Art Floral. L’Exposition du printemps est le rendez-vous annuel entre exposants et amateurs. Elle est la preuve que l’intérêt pour la végétation a retrouvé son ampleur d’antan.

Un éden de verdure

Réda se tient au milieu de ses plantes et fleurs comme un styliste devant ses modèles. Il expose aux visiteurs ébahis les plantes et les fleurs aménagées dans son pavillon. Selon lui, les plantes comme les vêtements et les voitures ont des modèles qui changent chaque année. L’un des modèles de la collection 2010 est un arbuste d’intérieur aux grandes feuilles plissées appelé Licuala. « Notre clientèle, surtout féminine, tient à acquérir tout ce qu’il y a de nouveau. Elle veut montrer à ses voisines ou à ses amies qu’elle possède une voiture dernier modèle et même une plante dernier cri », déclare Réda Mohamad. Ce jeune homme de 27 ans est l’un des 200 exposants qui présentent leurs produits à l’exposition annuelle de plantes et de fleurs. Un événement organisé chaque année par le ministère de l’Agriculture à l’occasion du début du printemps dans le parc public d’Al-Ormane à Guiza, en face de l’Université du Caire, l’un des plus anciens parcs de la capitale, riche par la diversité de sa végétation. Pendant les 5 semaines de l’exposition, le parc ouvre gratuitement ses portes pour encourager le public à découvrir cet éden de verdure.

Wafaa se tient devant le coffre ouvert de sa voiture. Elle y dépose avec grand soin des géraniums de toutes les couleurs et des cactus de formes et de tailles différentes. Elle possède une grande terrasse qu’elle a transformée en un jardin verdoyant et vient chaque année visiter l’exposition. « Je tiens à ce que mes petits-enfants fassent du jardinage avec moi pour leur apprendre que la beauté émane de choses simples comme les plantes et les fleurs », déclare Wafaa, une grand-mère qui possède encore le goût de la beauté.

En franchissant les grandes portes monumentales du parc, les visiteurs découvrent qu’il a été complètement métamorphosé pour accueillir l’exposition.

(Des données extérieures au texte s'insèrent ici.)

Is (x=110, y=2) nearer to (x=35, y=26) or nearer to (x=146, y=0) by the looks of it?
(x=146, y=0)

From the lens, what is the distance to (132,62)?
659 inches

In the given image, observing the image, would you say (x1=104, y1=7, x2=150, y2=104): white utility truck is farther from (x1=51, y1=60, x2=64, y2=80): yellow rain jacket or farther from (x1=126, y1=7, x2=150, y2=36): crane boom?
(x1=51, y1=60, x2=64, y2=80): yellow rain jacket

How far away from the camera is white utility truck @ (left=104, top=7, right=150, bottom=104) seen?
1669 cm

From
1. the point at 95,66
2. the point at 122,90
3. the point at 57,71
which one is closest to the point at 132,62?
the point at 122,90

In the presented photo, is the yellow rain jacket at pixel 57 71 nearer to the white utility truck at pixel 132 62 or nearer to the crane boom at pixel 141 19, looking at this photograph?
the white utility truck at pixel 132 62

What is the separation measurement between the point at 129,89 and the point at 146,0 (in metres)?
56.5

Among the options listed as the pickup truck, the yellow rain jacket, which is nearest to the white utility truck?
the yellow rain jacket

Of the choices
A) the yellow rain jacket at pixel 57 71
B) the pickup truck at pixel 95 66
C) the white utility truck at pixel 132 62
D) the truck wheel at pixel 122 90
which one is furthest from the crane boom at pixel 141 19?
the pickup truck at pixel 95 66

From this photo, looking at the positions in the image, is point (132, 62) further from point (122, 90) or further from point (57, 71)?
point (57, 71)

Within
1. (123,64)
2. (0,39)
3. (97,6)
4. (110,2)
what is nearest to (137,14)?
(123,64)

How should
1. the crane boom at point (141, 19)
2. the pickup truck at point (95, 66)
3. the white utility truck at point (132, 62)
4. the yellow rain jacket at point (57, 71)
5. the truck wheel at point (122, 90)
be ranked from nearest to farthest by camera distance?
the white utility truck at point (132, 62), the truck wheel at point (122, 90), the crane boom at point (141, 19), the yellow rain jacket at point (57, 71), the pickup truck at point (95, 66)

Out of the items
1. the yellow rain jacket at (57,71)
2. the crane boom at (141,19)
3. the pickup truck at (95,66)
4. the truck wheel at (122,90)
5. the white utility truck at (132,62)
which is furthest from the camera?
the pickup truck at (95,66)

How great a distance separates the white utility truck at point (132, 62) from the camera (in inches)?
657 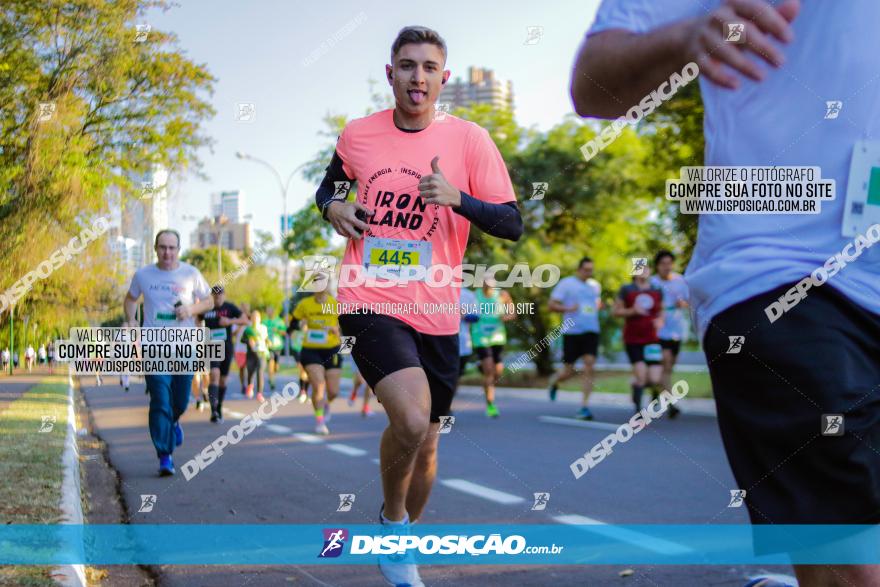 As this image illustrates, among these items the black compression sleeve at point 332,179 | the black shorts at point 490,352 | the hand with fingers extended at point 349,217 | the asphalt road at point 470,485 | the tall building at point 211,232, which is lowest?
the asphalt road at point 470,485

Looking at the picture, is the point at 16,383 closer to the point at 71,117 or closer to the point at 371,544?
the point at 71,117

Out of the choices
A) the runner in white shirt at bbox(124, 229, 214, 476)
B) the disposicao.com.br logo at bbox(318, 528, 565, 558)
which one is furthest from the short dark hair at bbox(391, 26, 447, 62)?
the runner in white shirt at bbox(124, 229, 214, 476)

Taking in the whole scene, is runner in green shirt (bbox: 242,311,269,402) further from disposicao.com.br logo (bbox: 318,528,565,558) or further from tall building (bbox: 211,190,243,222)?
disposicao.com.br logo (bbox: 318,528,565,558)

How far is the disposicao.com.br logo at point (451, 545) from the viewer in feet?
15.0

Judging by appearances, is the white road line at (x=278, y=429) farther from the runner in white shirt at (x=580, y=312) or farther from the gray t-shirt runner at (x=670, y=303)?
the gray t-shirt runner at (x=670, y=303)

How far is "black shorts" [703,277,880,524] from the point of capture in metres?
1.51

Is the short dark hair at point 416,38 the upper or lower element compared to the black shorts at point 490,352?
upper

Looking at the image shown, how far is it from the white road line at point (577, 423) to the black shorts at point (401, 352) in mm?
7131

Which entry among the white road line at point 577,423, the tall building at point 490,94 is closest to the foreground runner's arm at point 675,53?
the white road line at point 577,423

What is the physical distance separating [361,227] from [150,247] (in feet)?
14.5

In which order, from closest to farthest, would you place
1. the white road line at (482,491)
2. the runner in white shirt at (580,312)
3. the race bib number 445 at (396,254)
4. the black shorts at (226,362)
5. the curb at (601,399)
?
the race bib number 445 at (396,254), the white road line at (482,491), the runner in white shirt at (580,312), the curb at (601,399), the black shorts at (226,362)

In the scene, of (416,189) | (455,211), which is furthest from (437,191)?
(416,189)

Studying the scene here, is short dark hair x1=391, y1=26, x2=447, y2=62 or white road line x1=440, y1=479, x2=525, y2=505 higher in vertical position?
short dark hair x1=391, y1=26, x2=447, y2=62

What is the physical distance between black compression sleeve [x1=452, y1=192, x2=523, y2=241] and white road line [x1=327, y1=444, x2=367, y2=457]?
542cm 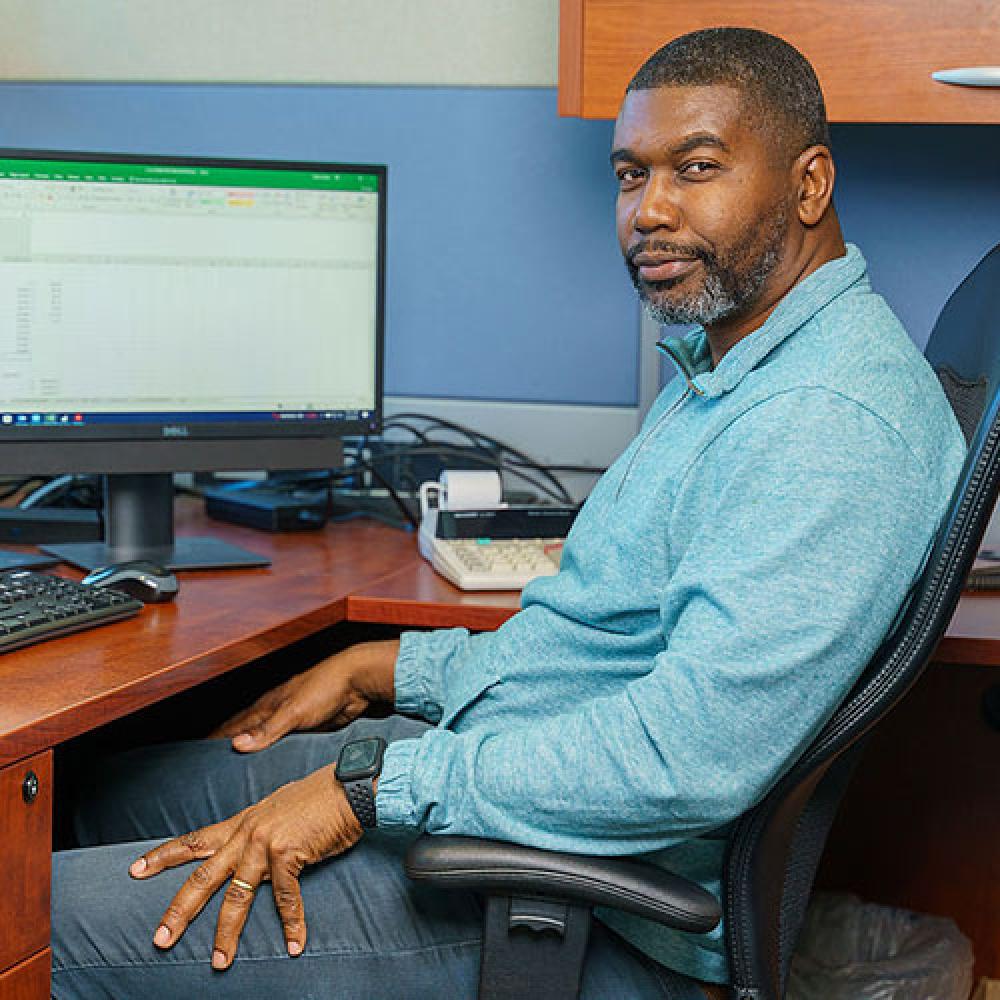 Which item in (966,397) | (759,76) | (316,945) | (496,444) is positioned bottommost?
(316,945)

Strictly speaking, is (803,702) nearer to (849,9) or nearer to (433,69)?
(849,9)

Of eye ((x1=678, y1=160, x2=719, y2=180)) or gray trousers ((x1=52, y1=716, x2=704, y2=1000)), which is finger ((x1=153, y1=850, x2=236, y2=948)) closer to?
gray trousers ((x1=52, y1=716, x2=704, y2=1000))

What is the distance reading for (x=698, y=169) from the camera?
3.64 feet

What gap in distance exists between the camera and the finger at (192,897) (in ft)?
3.44

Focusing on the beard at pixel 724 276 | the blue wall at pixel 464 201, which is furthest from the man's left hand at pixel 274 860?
the blue wall at pixel 464 201

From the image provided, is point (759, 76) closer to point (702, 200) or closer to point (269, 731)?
point (702, 200)

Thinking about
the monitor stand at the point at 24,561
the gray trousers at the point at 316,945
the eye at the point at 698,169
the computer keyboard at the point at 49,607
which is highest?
the eye at the point at 698,169

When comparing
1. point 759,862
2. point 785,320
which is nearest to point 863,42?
point 785,320

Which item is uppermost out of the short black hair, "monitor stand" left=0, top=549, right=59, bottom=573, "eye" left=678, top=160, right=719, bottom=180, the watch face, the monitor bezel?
the short black hair

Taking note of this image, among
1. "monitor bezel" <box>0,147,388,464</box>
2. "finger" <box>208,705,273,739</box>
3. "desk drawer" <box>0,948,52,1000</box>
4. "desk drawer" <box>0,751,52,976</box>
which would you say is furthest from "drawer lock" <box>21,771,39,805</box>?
"monitor bezel" <box>0,147,388,464</box>

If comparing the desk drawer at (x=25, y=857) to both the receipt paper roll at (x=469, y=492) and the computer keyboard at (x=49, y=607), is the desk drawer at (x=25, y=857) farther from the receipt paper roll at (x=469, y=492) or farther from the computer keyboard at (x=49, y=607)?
Result: the receipt paper roll at (x=469, y=492)

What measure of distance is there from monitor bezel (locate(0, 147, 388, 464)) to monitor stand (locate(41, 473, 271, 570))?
0.13ft

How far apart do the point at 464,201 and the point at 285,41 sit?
1.14 ft

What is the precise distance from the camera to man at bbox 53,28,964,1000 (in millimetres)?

Des pavillons couverts ont été montés avec de belles toiles vertes pour protéger les plantes et les fleurs des rayons du soleil. Les parterres ont été couverts de sable et de carrés de gazon et des allées couvertes de sable fin ont été aménagées pour faciliter la promenade entre les pavillons.

« Ces fleurs sont le fruit de plus de 40 ans de travail. Elles ont leur clientèle qui tient à s’approprier quelque chose de distingué, de différent », déclare Ahmad Naguib, avec une fierté non dissimulée en parlant de ses orchidées. Ce médecin octogénaire est tombé amoureux de cette fleur lors de son séjour à l’étranger. Il a alors décidé de l’introduire en Egypte et a commencé sa culture dans sa pépinière. Les orchidées blanches sont les plus classiques, mais les autres couleurs rivalisent de beauté. En passant devant ce pavillon, Soad ne peut que s’arrêter. « J’ai été attirée par son décor raffiné ainsi que par la beauté exceptionnelle des fleurs », raconte Soad Mohamad, présidente d’une association caritative venue visiter l’exposition sur l’invitation d’un exposant. Ahmad traite ses fleurs comme des princesses. Les branches sont exposées dans des pots en porcelaine disposés sur des étagères couvertes de nappes blanches et vertes en satin. Une petite carte portant des informations sur la fleur et les conseils d’entretien est accrochée à chaque branche. Ahmad répond inlassablement aux questions de Soad bien qu’il sache qu’elle n’achètera pas ses fleurs à cause de leur prix relativement élevé. Ces fleurs, bien qu’elles ne vivent que de 2 à 4 mois, coûtent de 120 à 150 L.E. « Le seul fait de répandre la culture de cette fleur me fait plaisir. D’ailleurs, au fil des années, les gens ont commencé à connaître l’orchidée et elle a maintenant sa clientèle », déclare Ahmad.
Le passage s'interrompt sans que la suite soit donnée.